#### [RECORDS FOR THIS TASK]
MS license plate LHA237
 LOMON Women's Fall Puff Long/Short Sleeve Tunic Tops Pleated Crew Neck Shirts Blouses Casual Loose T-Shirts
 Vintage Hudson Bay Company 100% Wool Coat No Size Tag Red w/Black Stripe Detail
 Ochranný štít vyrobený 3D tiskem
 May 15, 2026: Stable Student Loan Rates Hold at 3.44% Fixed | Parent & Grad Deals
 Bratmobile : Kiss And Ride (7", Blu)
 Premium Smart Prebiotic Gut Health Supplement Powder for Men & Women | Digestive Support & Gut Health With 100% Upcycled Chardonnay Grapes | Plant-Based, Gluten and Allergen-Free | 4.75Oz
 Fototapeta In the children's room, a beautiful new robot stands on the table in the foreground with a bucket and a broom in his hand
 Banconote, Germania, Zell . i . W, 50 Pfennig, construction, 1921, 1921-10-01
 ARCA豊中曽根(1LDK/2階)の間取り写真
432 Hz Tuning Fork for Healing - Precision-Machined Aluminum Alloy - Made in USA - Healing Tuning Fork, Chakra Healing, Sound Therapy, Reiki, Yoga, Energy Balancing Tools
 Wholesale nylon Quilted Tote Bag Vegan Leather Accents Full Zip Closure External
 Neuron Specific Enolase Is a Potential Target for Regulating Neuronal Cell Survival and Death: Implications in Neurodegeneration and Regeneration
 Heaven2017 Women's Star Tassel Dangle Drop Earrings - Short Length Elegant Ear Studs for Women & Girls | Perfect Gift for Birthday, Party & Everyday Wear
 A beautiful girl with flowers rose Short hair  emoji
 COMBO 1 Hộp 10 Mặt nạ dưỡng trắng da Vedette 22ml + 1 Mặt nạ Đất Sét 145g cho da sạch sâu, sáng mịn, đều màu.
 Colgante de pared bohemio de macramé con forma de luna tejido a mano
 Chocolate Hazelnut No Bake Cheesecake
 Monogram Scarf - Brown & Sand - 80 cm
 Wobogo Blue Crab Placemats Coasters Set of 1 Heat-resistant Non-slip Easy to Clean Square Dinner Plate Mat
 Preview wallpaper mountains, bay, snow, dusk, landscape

#### [TASK ITEM]
All lines above from the one with "Ochranný štít vyrobený 3D tiskem" to the one with "A beautiful girl", inclusive, should be copied exactly, and no other lines.

#### [ANSWER BOX]
 Ochranný štít vyrobený 3D tiskem
 May 15, 2026: Stable Student Loan Rates Hold at 3.44% Fixed | Parent & Grad Deals
 Bratmobile : Kiss And Ride (7", Blu)
 Premium Smart Prebiotic Gut Health Supplement Powder for Men & Women | Digestive Support & Gut Health With 100% Upcycled Chardonnay Grapes | Plant-Based, Gluten and Allergen-Free | 4.75Oz
 Fototapeta In the children's room, a beautiful new robot stands on the table in the foreground with a bucket and a broom in his hand
 Banconote, Germania, Zell . i . W, 50 Pfennig, construction, 1921, 1921-10-01
 ARCA豊中曽根(1LDK/2階)の間取り写真
432 Hz Tuning Fork for Healing - Precision-Machined Aluminum Alloy - Made in USA - Healing Tuning Fork, Chakra Healing, Sound Therapy, Reiki, Yoga, Energy Balancing Tools
 Wholesale nylon Quilted Tote Bag Vegan Leather Accents Full Zip Closure External
 Neuron Specific Enolase Is a Potential Target for Regulating Neuronal Cell Survival and Death: Implications in Neurodegeneration and Regeneration
 Heaven2017 Women's Star Tassel Dangle Drop Earrings - Short Length Elegant Ear Studs for Women & Girls | Perfect Gift for Birthday, Party & Everyday Wear
 A beautiful girl with flowers rose Short hair  emoji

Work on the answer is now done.